I have Tiva hardware which sends realtime sensor JSON data as follows,
[{"t":1478091719000,"sensors":[{"s":"s1","d":"+253.437"},{"s":"s2","d":"+129.750"},{"s":"s3","d":"+45.500"},{"s":"s4","d":"+255.687"},{"s":"s5","d":"+290.062"},{"s":"s6","d":"+281.500"},{"s":"s7","d":"+308.250"},{"s":"s8","d":"+313.812"}]}]
In this t is unix time stamp for which data is posted. sensors is array of sensors with each sensor('s') data as 'd'.
What I want to do is, consume this data and create object which spark-streaming and then pass all data though spark's Mlib (machine learning) or equivalent library to forecast future data.

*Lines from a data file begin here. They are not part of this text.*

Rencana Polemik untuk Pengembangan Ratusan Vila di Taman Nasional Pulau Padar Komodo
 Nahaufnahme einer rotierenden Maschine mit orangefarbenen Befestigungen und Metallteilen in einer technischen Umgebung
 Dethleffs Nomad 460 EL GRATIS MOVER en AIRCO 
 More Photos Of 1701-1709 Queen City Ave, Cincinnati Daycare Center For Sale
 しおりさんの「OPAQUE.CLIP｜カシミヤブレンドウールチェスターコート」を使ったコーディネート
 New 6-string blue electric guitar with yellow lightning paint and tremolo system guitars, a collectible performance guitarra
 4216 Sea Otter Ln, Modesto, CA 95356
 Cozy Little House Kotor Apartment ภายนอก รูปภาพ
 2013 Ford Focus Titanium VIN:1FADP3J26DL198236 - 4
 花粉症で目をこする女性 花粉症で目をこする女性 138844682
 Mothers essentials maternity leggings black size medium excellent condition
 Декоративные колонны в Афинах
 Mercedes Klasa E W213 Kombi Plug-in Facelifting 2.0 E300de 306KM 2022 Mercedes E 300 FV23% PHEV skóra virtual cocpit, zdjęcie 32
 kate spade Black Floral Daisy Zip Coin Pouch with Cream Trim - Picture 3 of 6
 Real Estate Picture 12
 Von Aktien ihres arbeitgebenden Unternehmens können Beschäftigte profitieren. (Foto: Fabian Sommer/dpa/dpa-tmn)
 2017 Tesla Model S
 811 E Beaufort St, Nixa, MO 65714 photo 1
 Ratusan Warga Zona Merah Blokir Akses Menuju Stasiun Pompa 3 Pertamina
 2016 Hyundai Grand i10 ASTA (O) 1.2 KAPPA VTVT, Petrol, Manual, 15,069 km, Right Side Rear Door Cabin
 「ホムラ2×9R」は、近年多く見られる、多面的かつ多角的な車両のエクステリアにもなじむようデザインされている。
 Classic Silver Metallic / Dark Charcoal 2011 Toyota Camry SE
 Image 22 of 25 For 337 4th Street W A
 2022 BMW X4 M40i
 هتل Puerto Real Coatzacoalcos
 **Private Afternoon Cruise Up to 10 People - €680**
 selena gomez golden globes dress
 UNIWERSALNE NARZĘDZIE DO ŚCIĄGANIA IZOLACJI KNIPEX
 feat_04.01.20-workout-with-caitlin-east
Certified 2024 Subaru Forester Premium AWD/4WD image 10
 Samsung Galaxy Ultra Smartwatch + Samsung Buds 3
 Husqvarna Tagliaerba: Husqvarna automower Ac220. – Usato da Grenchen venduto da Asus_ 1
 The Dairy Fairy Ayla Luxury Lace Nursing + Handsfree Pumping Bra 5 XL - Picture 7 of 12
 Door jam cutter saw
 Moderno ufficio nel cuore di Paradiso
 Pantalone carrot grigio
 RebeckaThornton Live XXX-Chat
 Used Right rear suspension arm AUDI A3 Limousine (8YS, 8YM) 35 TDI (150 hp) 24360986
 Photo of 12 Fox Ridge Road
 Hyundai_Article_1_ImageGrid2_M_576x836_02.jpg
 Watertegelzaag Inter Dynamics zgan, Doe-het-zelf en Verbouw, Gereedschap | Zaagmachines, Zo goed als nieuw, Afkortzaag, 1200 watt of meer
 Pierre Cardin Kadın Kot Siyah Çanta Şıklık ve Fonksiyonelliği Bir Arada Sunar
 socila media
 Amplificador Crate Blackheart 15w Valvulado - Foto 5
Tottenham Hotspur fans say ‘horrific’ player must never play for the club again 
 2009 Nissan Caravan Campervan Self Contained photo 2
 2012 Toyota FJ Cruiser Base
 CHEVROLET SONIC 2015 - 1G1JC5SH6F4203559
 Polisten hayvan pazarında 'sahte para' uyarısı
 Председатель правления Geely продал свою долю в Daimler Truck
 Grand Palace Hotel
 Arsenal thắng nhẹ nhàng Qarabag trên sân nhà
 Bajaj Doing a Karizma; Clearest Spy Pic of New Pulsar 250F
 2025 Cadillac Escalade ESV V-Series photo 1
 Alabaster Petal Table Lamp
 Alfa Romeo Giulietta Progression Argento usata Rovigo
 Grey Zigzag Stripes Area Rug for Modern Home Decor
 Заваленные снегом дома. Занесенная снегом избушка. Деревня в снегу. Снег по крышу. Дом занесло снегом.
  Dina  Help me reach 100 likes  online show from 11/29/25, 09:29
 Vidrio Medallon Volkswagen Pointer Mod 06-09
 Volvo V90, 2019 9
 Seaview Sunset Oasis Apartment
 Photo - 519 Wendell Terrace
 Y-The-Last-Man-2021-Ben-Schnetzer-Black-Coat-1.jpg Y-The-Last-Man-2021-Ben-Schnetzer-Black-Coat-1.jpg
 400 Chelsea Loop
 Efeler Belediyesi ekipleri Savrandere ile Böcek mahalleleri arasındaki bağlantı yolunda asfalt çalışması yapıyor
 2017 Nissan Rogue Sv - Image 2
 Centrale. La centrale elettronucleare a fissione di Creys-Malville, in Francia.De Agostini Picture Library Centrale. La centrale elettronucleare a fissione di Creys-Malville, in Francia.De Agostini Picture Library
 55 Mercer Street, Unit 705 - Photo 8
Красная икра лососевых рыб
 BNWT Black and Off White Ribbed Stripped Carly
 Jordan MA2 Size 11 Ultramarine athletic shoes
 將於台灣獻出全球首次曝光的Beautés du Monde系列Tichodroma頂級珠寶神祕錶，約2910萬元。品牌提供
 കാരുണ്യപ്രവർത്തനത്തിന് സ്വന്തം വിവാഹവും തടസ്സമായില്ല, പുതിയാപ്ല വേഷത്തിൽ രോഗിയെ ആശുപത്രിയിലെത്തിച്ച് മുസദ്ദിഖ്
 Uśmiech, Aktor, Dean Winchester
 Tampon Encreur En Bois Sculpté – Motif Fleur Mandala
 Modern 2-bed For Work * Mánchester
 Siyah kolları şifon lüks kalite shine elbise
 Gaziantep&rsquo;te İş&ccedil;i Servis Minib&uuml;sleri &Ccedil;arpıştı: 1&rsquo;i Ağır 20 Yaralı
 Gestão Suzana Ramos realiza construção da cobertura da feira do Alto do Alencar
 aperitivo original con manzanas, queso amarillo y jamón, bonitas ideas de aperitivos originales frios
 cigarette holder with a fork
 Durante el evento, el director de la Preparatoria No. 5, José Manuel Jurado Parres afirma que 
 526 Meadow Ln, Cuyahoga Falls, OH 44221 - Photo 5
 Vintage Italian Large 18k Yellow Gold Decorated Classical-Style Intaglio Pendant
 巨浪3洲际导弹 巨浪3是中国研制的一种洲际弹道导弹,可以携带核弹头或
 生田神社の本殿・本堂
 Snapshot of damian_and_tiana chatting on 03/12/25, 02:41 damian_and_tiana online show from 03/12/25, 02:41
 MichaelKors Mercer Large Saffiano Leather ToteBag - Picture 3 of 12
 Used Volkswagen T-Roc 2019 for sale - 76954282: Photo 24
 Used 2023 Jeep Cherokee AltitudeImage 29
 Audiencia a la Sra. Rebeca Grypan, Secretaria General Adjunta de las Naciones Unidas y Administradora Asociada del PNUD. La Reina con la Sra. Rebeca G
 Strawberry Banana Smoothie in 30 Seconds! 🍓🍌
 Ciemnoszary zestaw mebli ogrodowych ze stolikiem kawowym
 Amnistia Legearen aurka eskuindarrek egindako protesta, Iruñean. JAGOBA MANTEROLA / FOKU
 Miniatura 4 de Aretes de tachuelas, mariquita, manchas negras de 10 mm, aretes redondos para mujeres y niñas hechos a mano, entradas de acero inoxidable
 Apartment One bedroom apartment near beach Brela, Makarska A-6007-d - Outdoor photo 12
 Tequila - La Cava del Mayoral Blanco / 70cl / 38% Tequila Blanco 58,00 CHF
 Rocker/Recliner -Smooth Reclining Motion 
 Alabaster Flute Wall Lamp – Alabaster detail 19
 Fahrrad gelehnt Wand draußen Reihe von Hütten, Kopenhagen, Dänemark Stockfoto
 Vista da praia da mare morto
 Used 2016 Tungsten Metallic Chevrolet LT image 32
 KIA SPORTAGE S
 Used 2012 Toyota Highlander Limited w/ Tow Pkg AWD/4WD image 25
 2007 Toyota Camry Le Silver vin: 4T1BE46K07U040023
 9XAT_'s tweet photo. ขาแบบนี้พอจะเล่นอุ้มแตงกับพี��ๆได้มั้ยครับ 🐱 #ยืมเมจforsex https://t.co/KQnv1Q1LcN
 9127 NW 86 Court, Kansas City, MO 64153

I want a general idea whether this will be possible with all technology choices
- I have decided to use?
- How can I consume the nested JSON? I tried using SQLContext but got no success.
- General guidelines to achieve what I am trying to do here.
Here is code which I am using to consume messages from KAFKA.
SparkConf conf = new SparkConf().setAppName("DattusSpark").setMaster("local[2]");
JavaSparkContext sc = new JavaSparkContext(conf);
JavaStreamingContext ssc = new JavaStreamingContext(sc, new Duration(2000));
// TODO: processing pipeline
Map<String, String> kafkaParams = new HashMap<String, String>();
kafkaParams.put("metadata.broker.list", "kafkaserver_address:9092");
Set<String> topics = Collections.singleton("RAH");
JavaPairInputDStream<String, String> directKafkaStream =
KafkaUtils.createDirectStream(ssc, String.class, String.class, StringDecoder.class,
StringDecoder.class, kafkaParams, topics);
JavaDStream<String> json = directKafkaStream.map(new Function<Tuple2<String,String>, String>() {
public String call(Tuple2<String,String> message) throws Exception {
System.out.println(message._2());
return message._2();
};
});
System.out.println(" json is 0------ 0"+ json);
json.foreachRDD(rdd -> {
rdd.foreach(
record -> System.out.println(record));
});
ssc.start();
ssc.awaitTermination();
PS: I want to do this in Java as to maintain linearity and good performance.
sqlContextto read the json string, what's the problem you faced? is that Task not serializable issue?